(INPUT MATERIAL)

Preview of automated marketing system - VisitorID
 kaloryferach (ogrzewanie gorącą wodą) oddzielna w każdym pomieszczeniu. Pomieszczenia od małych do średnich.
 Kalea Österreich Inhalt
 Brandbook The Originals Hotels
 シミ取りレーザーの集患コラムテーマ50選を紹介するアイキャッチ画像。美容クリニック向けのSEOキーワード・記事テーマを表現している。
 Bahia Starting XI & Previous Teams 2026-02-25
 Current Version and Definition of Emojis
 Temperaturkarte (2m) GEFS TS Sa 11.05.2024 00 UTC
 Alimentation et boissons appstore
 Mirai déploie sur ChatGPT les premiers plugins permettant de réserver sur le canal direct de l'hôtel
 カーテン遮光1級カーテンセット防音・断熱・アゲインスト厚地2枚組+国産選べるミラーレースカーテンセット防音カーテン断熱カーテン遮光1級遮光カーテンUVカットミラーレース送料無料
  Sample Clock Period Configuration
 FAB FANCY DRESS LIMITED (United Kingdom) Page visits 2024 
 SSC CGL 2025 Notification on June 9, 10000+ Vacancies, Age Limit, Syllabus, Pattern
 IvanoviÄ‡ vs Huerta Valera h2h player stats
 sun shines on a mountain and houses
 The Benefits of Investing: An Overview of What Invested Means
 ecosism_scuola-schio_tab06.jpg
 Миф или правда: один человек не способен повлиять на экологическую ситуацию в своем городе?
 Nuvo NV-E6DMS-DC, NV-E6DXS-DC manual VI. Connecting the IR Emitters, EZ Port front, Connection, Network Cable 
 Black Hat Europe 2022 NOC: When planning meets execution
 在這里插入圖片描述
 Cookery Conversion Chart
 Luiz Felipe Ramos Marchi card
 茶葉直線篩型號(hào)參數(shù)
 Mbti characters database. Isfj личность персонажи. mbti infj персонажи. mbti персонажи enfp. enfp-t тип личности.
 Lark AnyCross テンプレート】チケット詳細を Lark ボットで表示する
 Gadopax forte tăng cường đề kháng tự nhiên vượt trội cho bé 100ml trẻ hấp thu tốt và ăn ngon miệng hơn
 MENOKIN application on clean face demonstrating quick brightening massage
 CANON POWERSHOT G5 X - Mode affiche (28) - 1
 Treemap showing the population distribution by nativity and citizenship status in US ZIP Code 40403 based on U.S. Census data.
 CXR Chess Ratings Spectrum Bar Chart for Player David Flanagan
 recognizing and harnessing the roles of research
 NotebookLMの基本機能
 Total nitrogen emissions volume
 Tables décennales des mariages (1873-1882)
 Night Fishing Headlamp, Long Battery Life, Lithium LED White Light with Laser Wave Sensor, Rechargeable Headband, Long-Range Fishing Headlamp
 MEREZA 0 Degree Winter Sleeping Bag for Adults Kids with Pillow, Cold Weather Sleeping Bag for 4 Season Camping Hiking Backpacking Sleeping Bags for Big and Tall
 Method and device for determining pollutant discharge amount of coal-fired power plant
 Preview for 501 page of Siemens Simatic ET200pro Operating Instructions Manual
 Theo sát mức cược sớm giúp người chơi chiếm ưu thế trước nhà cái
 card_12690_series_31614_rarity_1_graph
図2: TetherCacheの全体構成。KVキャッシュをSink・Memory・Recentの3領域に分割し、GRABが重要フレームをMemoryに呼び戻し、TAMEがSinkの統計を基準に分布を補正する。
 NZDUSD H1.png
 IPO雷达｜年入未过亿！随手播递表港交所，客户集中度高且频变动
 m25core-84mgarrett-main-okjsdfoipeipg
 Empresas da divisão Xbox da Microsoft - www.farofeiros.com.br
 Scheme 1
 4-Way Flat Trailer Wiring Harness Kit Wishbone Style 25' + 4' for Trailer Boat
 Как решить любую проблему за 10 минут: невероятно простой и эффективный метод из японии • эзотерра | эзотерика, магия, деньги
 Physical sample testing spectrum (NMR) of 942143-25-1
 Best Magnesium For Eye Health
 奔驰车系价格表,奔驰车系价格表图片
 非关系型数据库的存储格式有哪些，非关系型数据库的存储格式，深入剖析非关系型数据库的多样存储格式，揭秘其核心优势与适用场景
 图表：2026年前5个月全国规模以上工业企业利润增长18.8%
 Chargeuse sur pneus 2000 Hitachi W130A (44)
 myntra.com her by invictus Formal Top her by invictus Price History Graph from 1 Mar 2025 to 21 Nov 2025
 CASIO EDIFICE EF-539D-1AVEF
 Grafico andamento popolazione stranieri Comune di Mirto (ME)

(End INPUT MATERIAL)

ASSIGNMENT> Copy every line of the data that carries the word "with".

TASK SOLUTION>
 Night Fishing Headlamp, Long Battery Life, Lithium LED White Light with Laser Wave Sensor, Rechargeable Headband, Long-Range Fishing Headlamp
 MEREZA 0 Degree Winter Sleeping Bag for Adults Kids with Pillow, Cold Weather Sleeping Bag for 4 Season Camping Hiking Backpacking Sleeping Bags for Big and Tall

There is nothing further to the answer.